:: WHAT YOU NEED TO DO ::
Transcribe exactly the lines from the one containing "[VIDEO] ‘Chê’ Mercedes, David" through the end of the data, both included. Leave out pictures.

:: SOURCE MATERIAL ::
================================
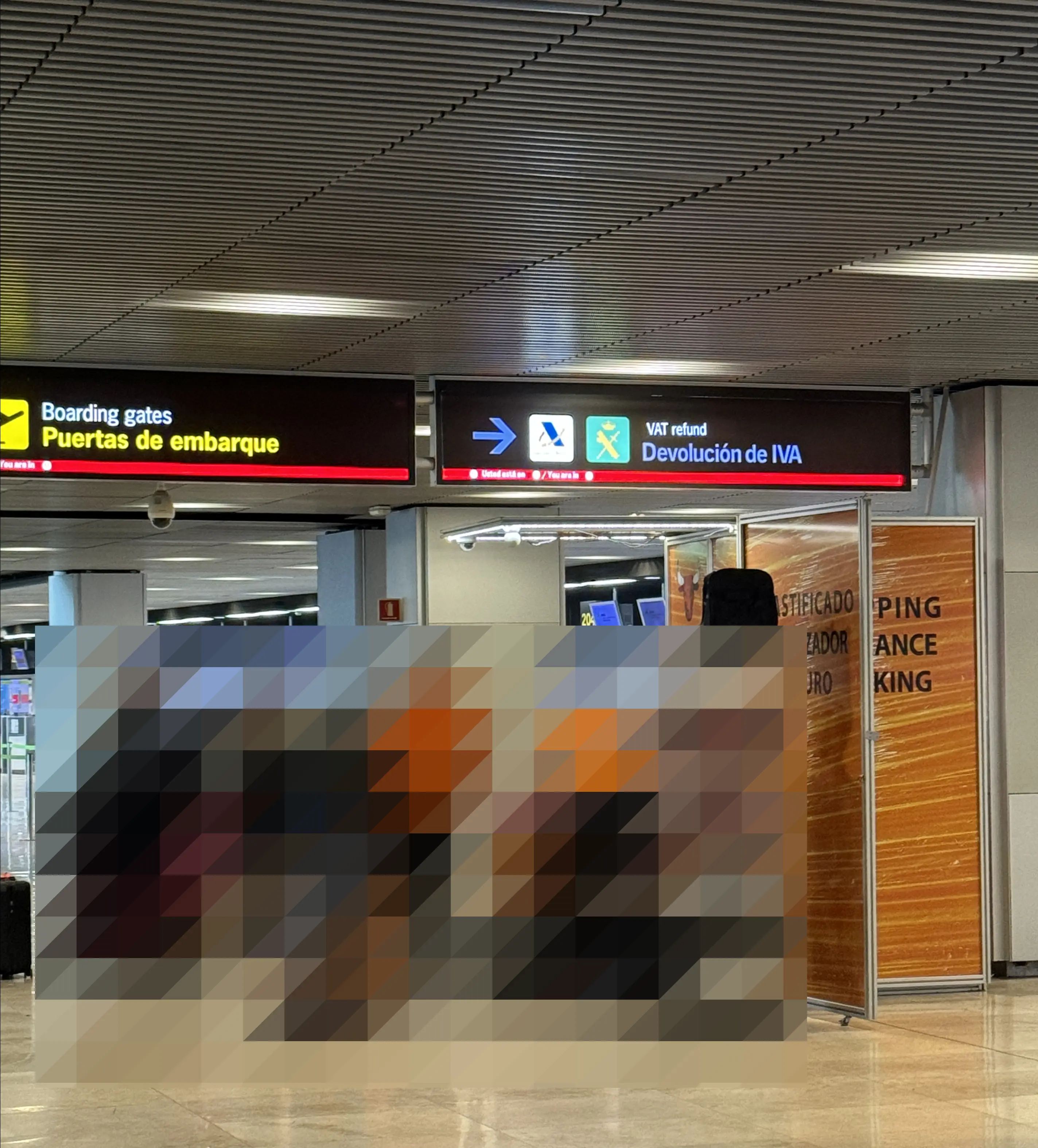 세금 환급 키오스크 가는 표지판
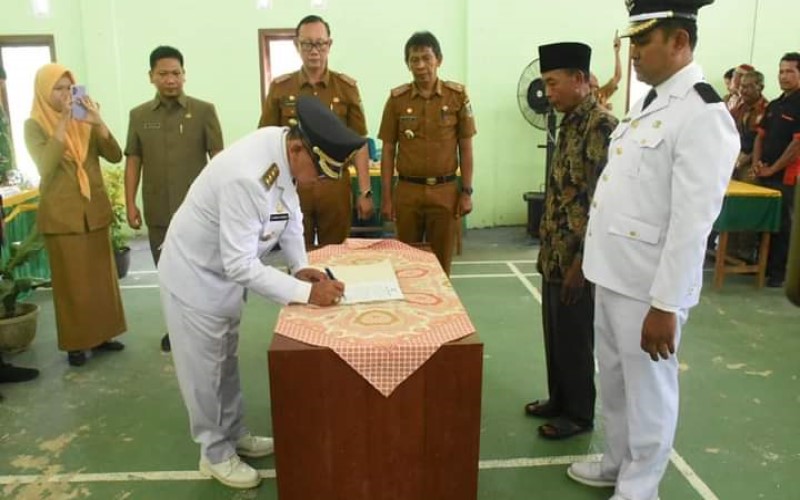 Bupati Lamtim Beri Sambutan Diacara Pelantikan Kedes Bupati Lamtim Beri Sambutan Diacara Pelantikan Kedes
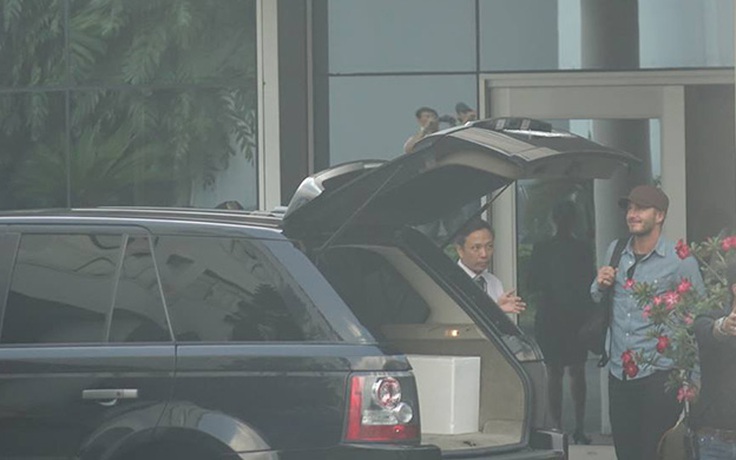 [VIDEO] ‘Chê’ Mercedes, David Beckham chọn Range Rover di chuyển tại TP.HCM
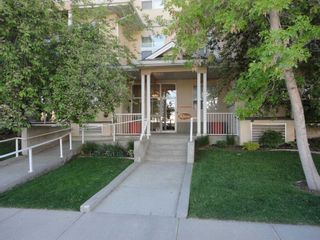 Main Photo: 212 1919 31 Street SW in Calgary: Killarney/Glengarry Apartment for sale : MLS®# A2139277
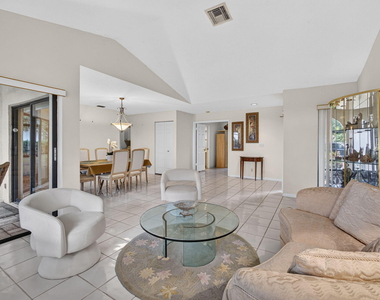 10 Lexington Lane E - Photo Thumbnail 10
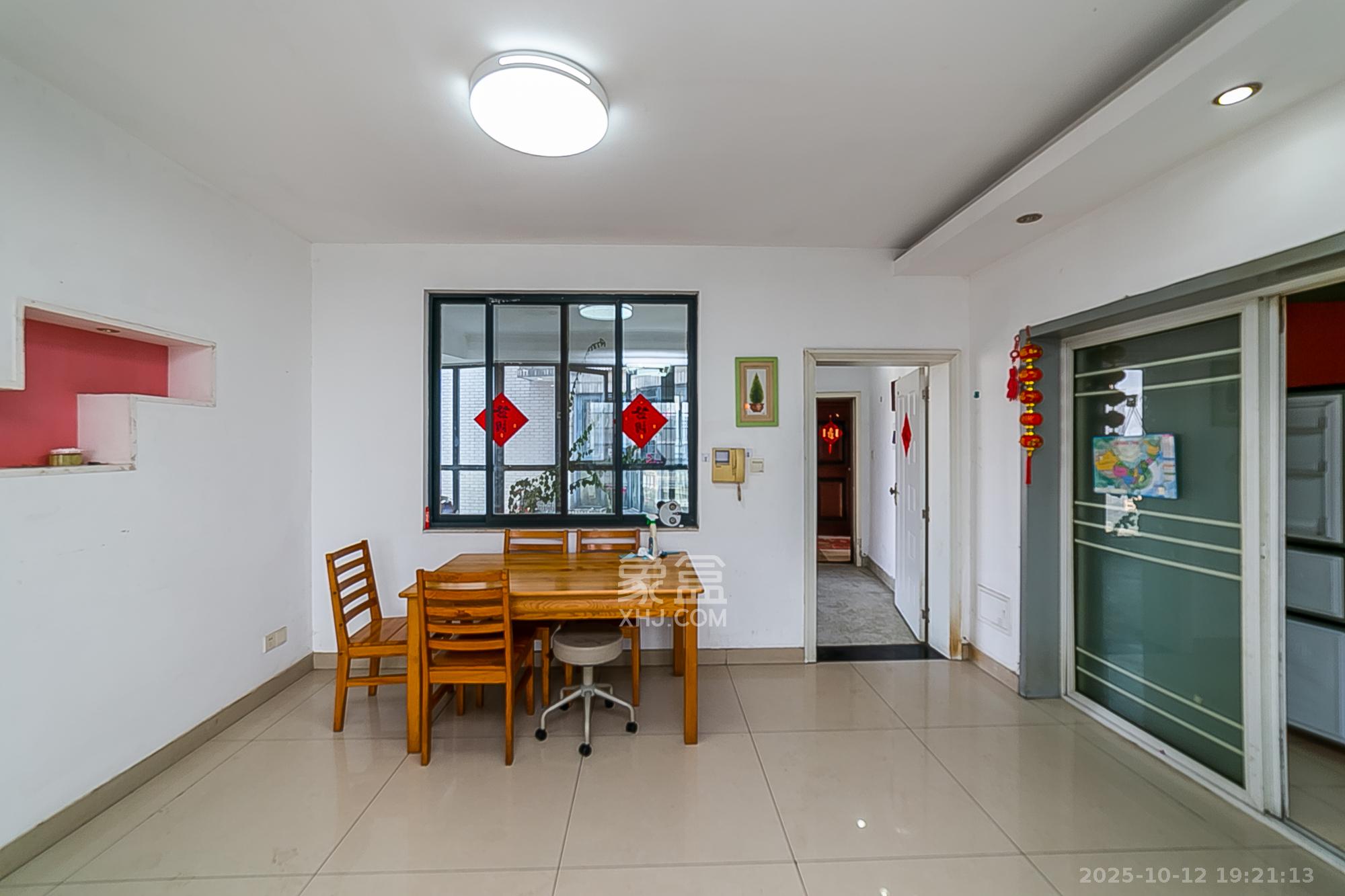 湘水一城(一期)  3室2厅2卫    108.0万客厅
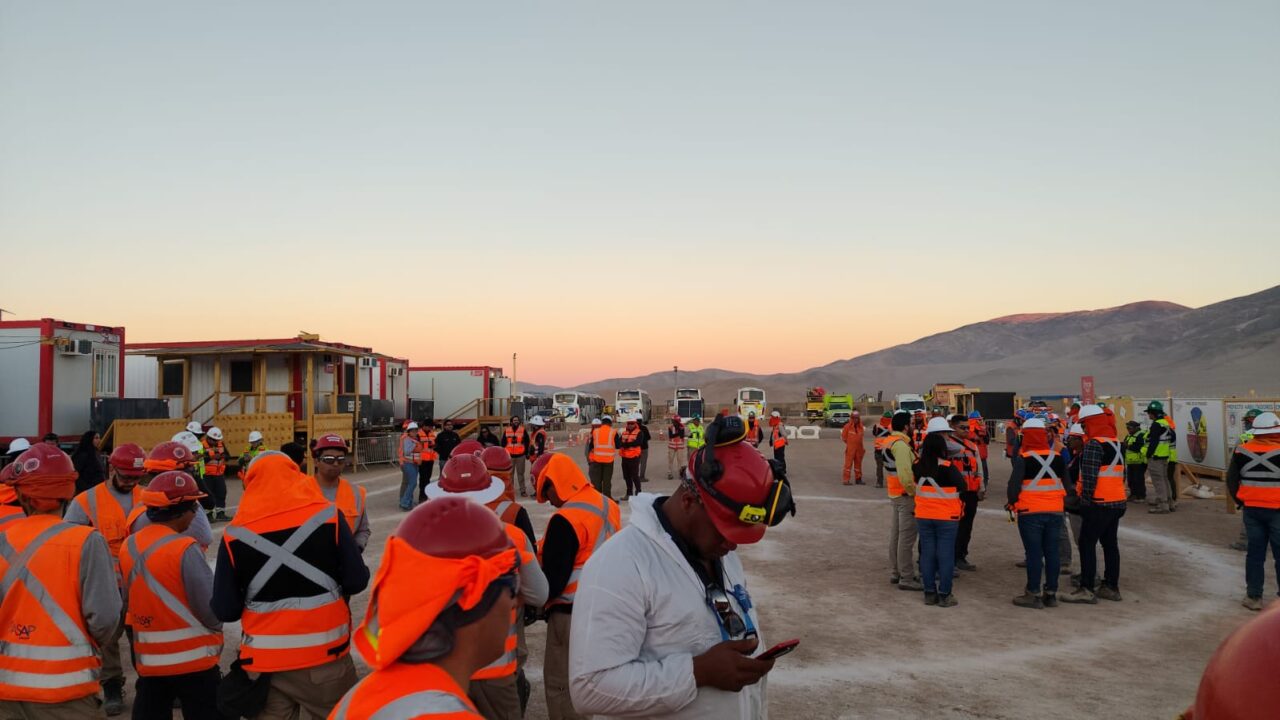 Trabajadores de Minera Zaldívar evacuados tras sismo en el Norte Grande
================================
:: SOLUTION TO THE PROBLEM ::
 [VIDEO] ‘Chê’ Mercedes, David Beckham chọn Range Rover di chuyển tại TP.HCM
 Main Photo: 212 1919 31 Street SW in Calgary: Killarney/Glengarry Apartment for sale : MLS®# A2139277
 10 Lexington Lane E - Photo Thumbnail 10
 湘水一城(一期)  3室2厅2卫    108.0万客厅
 Trabajadores de Minera Zaldívar evacuados tras sismo en el Norte Grande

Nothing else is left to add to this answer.